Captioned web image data
______

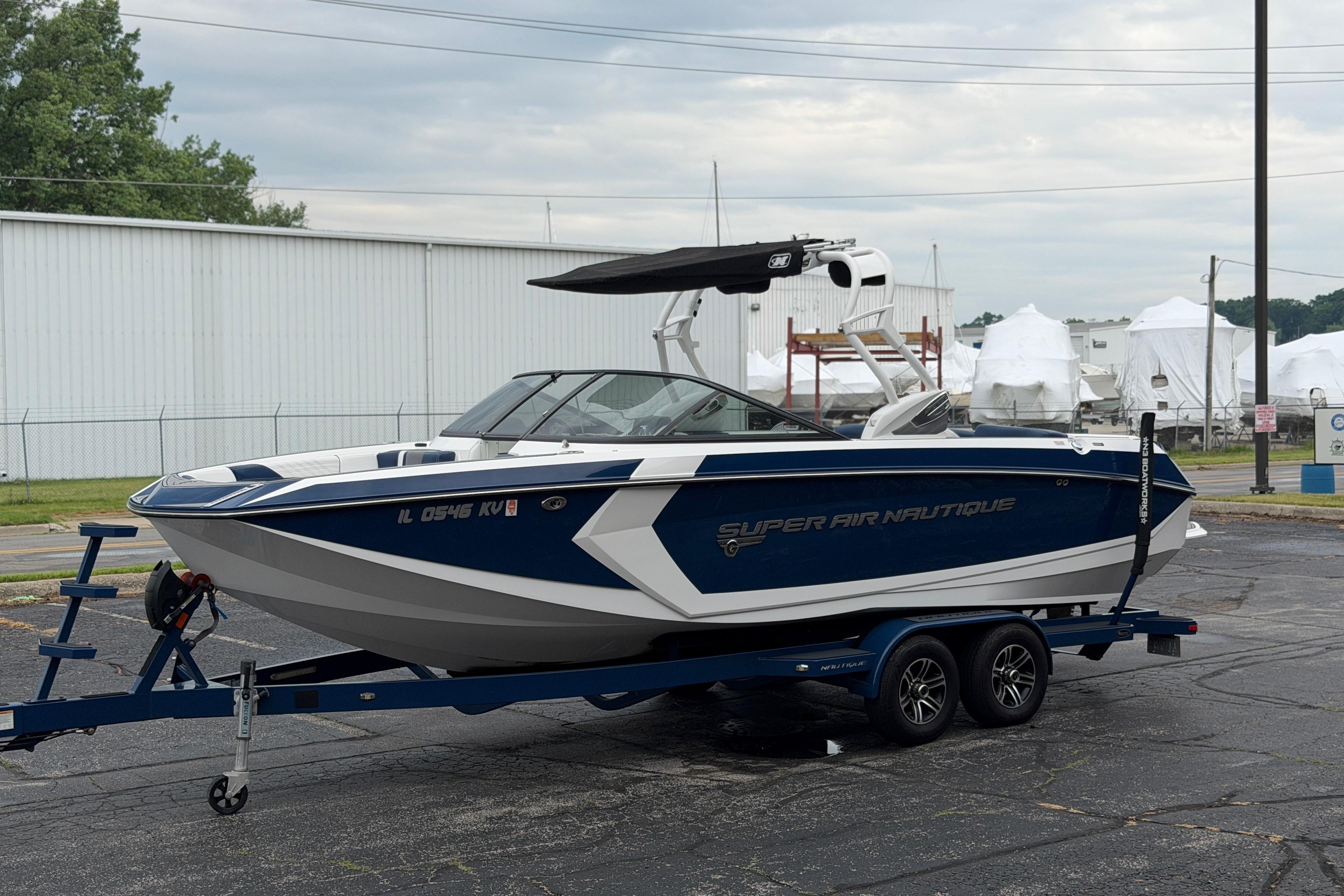 2016 Naitique G25 boat on trailer, blue and white design, parked outdoors.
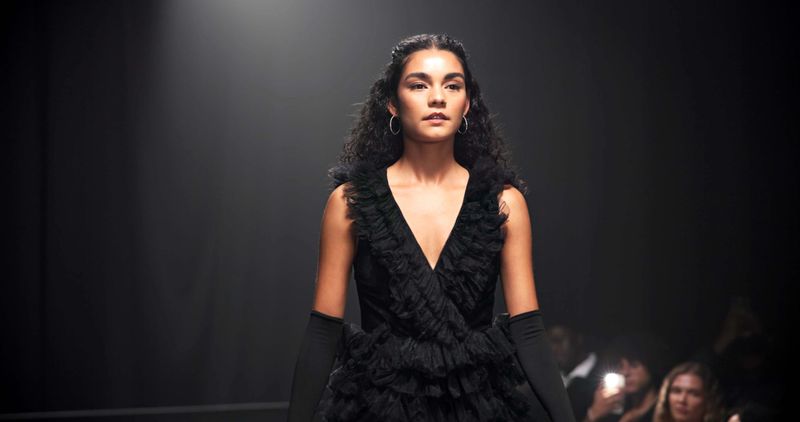 Woman, model and runway with luxury for fashion show, garment collection or designer brand. Space, crowd or paparazzi with clothing line or outfit for publicity or new aesthetic trend on catwalk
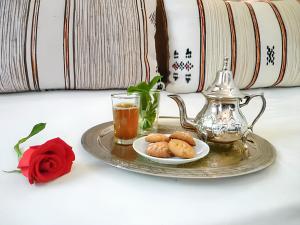 a tray with a tea kettle and a plate of food at Charming house with pool in Zagora in Zagora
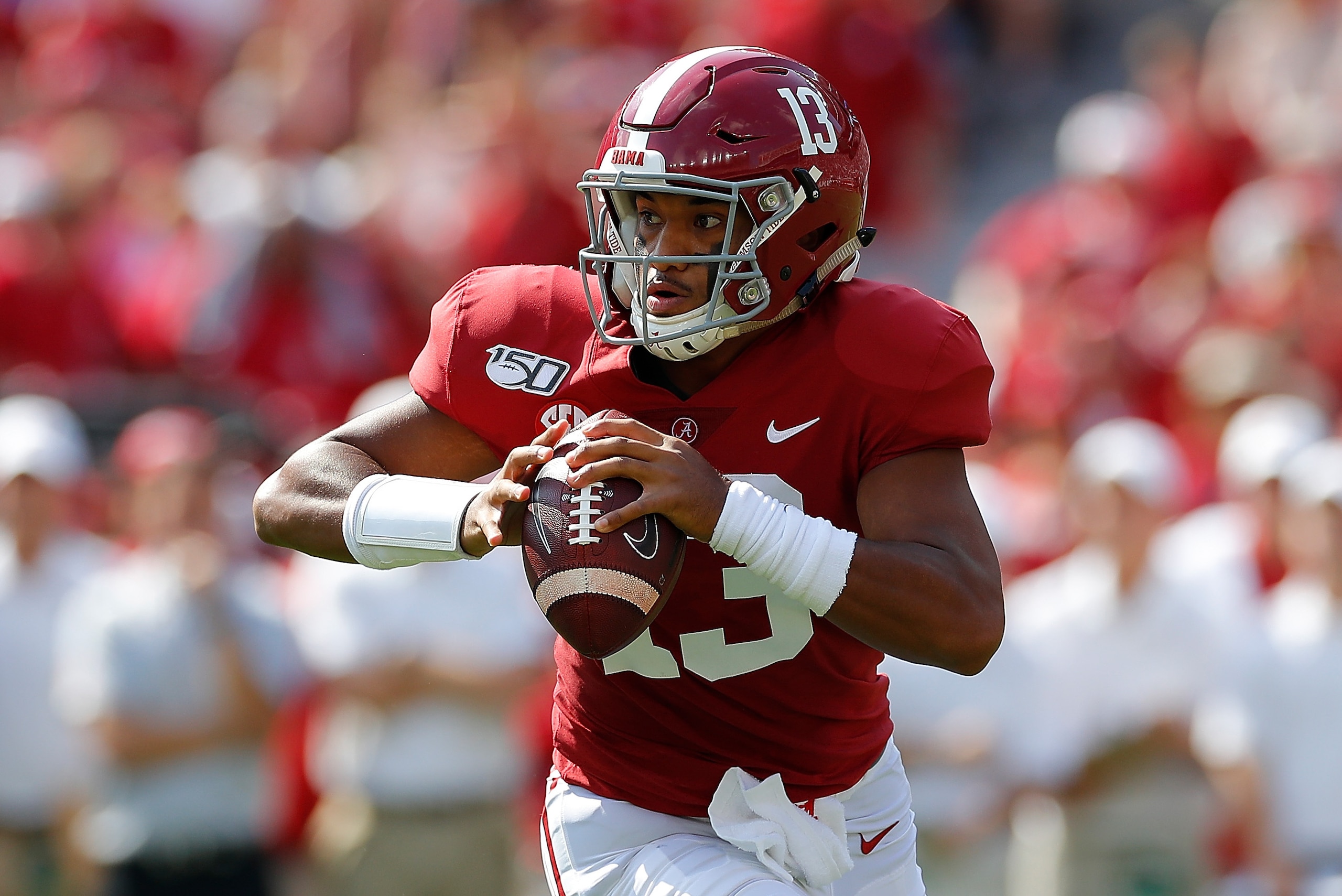 TUSCALOOSA, ALABAMA - SEPTEMBER 28:  Tua Tagovailoa #13 of the Alabama Crimson Tide looks to pass against the Mississippi Rebels at Bryant-Denny Stadium on September 28, 2019 in Tuscaloosa, Alabama. (Photo by Kevin C. Cox/Getty Images)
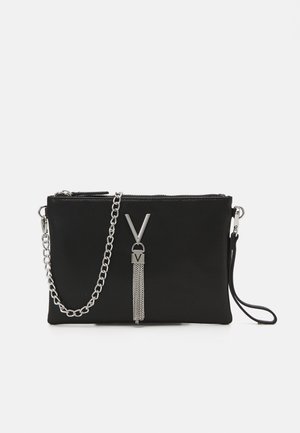 Sort tekstureret clutch-taske med lynlåslukning, sølvkæderem og en dekorativ kvast med et V-formet accent.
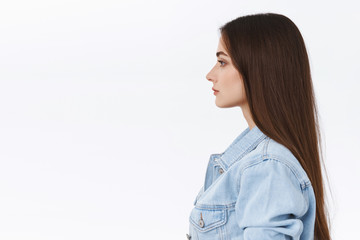 Profile portrait serious-looking, determined and confident attractive modern 20s woman in denim jacket, standing in elevator or subway, waiting in queue with calm unbothered, casual expression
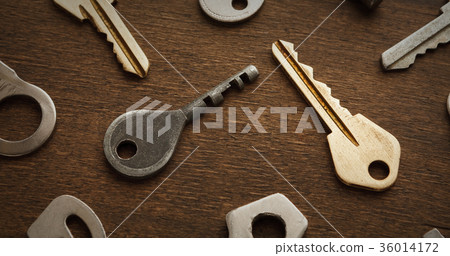 Many different keys on wood 36014172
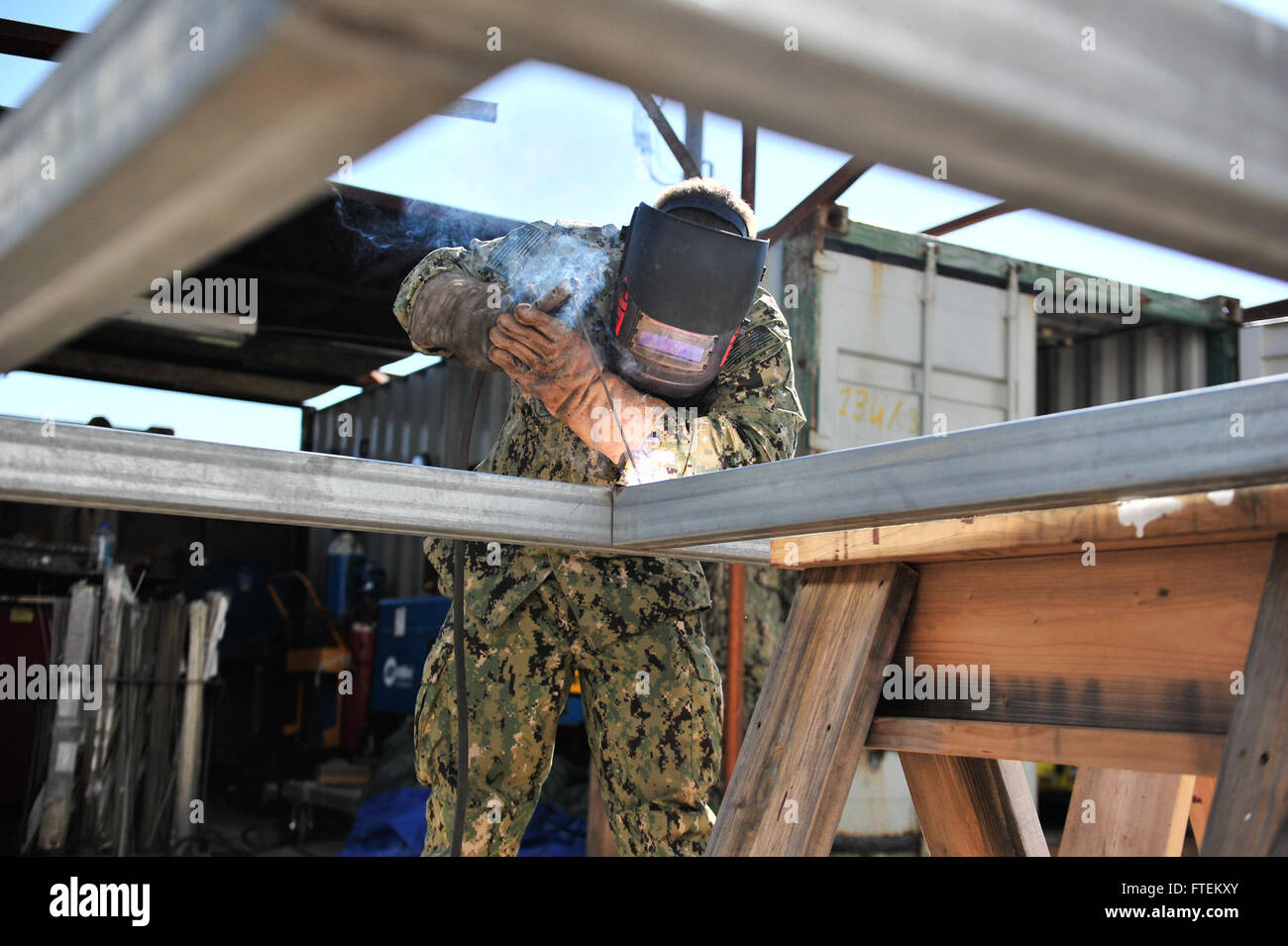 NAVAL STATION ROTA, Spain (Feb. 13, 2015) Steelworker 3rd Class Shawn Hoagland assigned to Naval Mobile Construction Battalion (NMCB) 11, welds two pieces of metal together for a door on a upcoming project Feb. 13, 2015. NMCB 11 is currently deployed to 14 different detachment sites throughout European Command, African command, Pacific Command and Central Command; promoting security and stability by conducting general engineering, disaster relief, construction readiness operations and Human civic action support. (U.S. Navy photo by Mass Communication Specialist 1st Class Mic Stock Photo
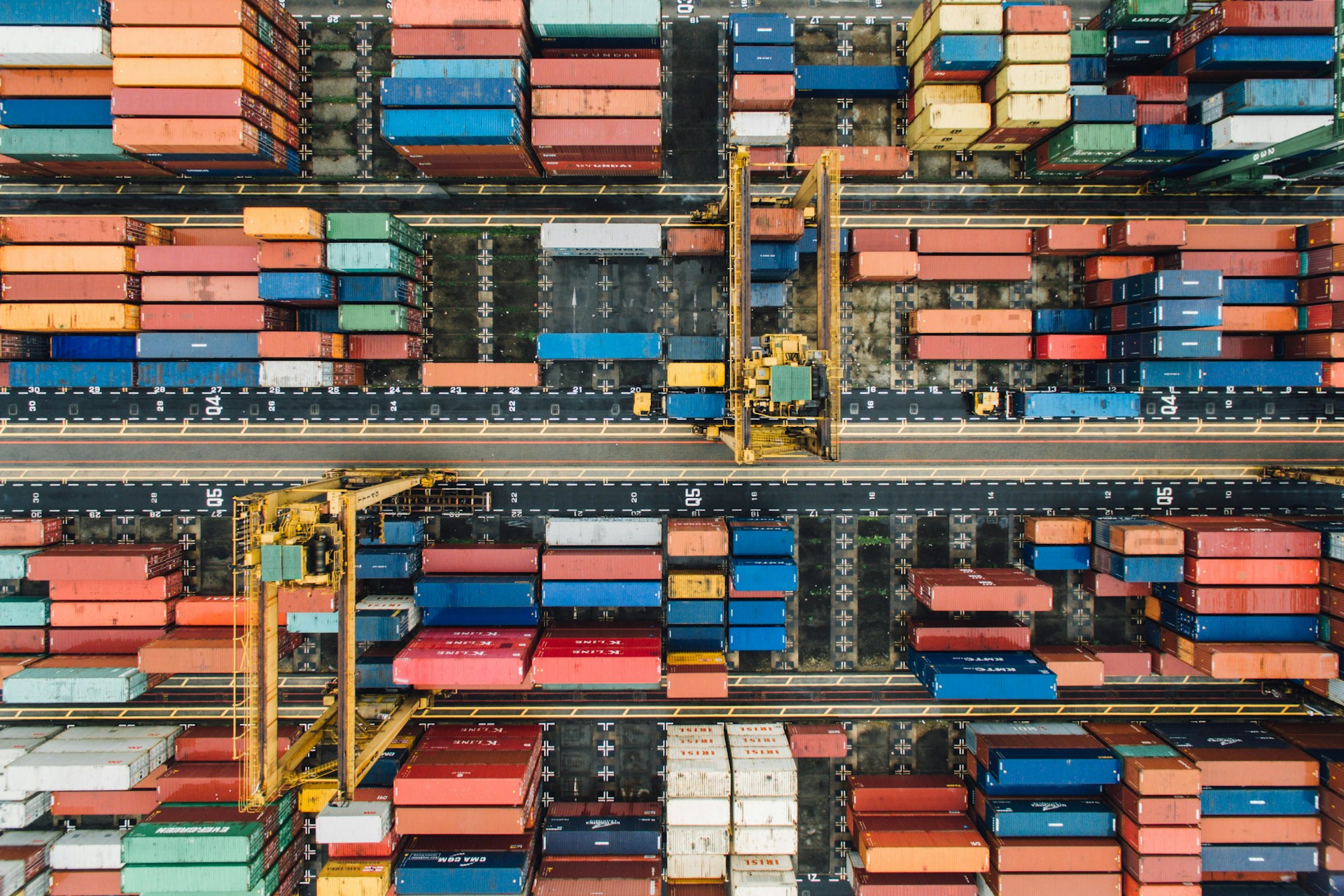 The photo presents shipping containers at a cargo terminal.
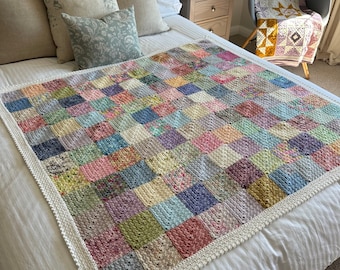 May include: A handmade crochet blanket featuring a grid of multicolored square patches in various shades of pink, blue, green, yellow, and grey. The blanket is finished with a simple white crocheted border around the entire perimeter.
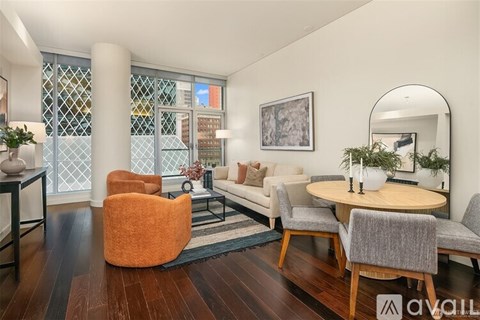 A living room with a round orange chair and a round wooden table with chairs around it.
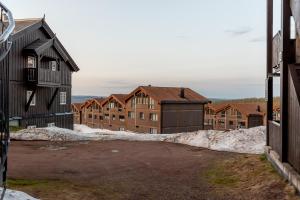 a parking lot in front of a group of buildings at Høyfjellsgrend 961, 29 B in Trysil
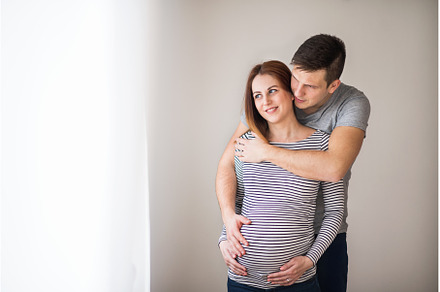 Pregnant woman and her partner, a Person Photo by HalfPoint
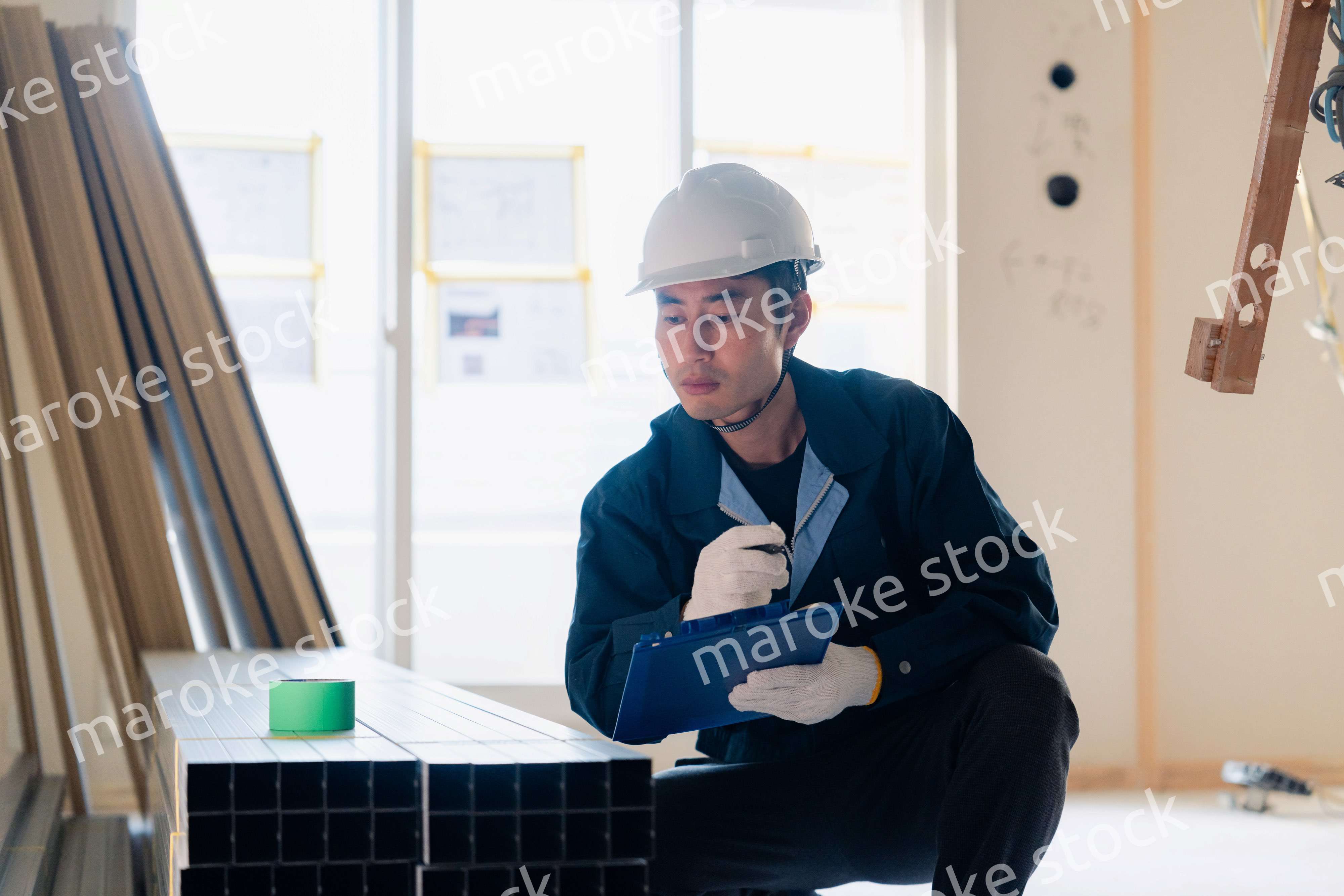 建設現場で資材の確認をする大工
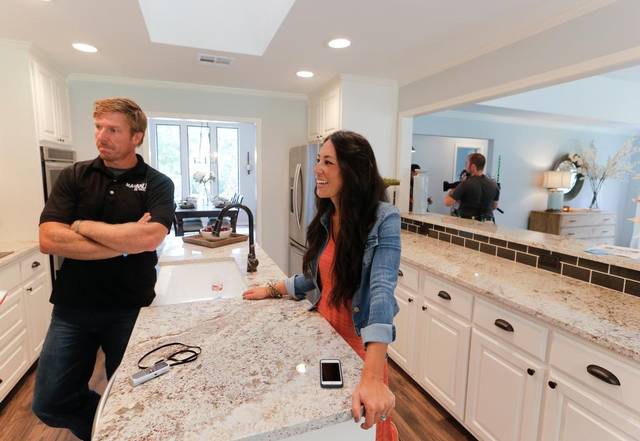 Chip and Joanna Gaines stand at a kitchen island on Season 4 of HGTV's Fixer Upper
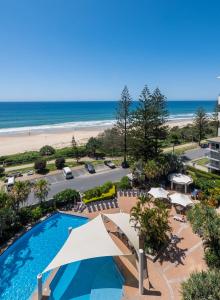 a view of the beach from the balcony of a resort at Oceana On Broadbeach in Gold Coast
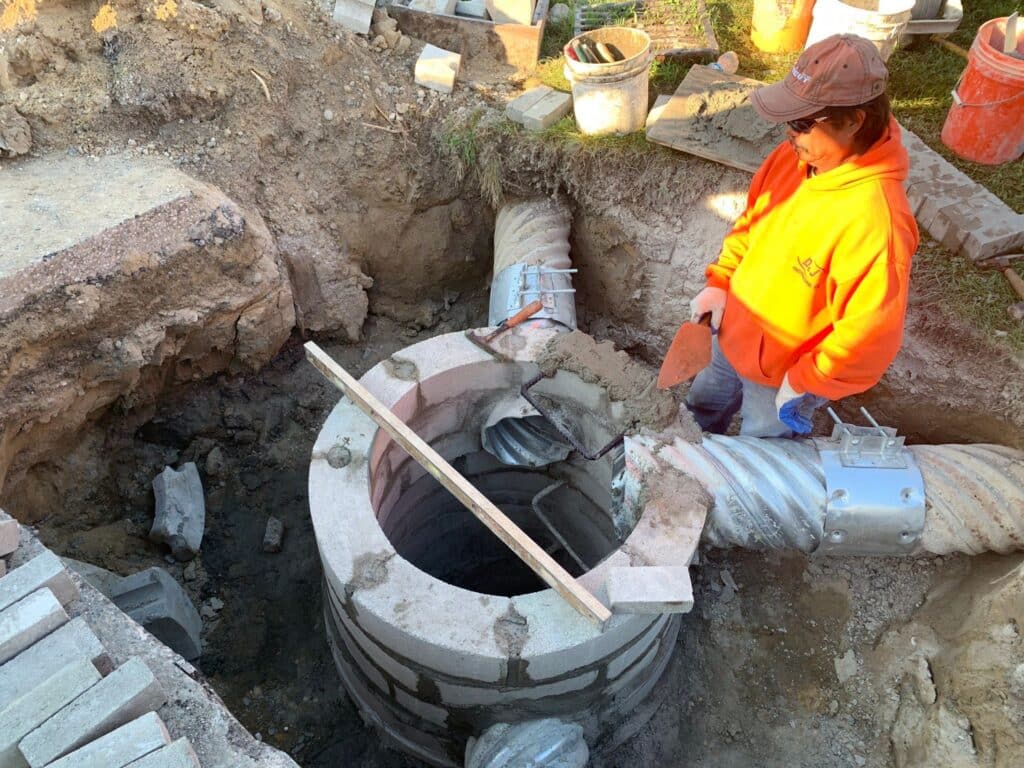 Concrete Pipe Installation Site Worker at a construction site with a trench and large circular concrete pipe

______

## Your goal
Write out exactly the lines from the one containing "a view of the" through the end of the entries, both included. Pictures are not copied.

## Completed exercise
 a view of the beach from the balcony of a resort at Oceana On Broadbeach in Gold Coast
 Concrete Pipe Installation Site Worker at a construction site with a trench and large circular concrete pipe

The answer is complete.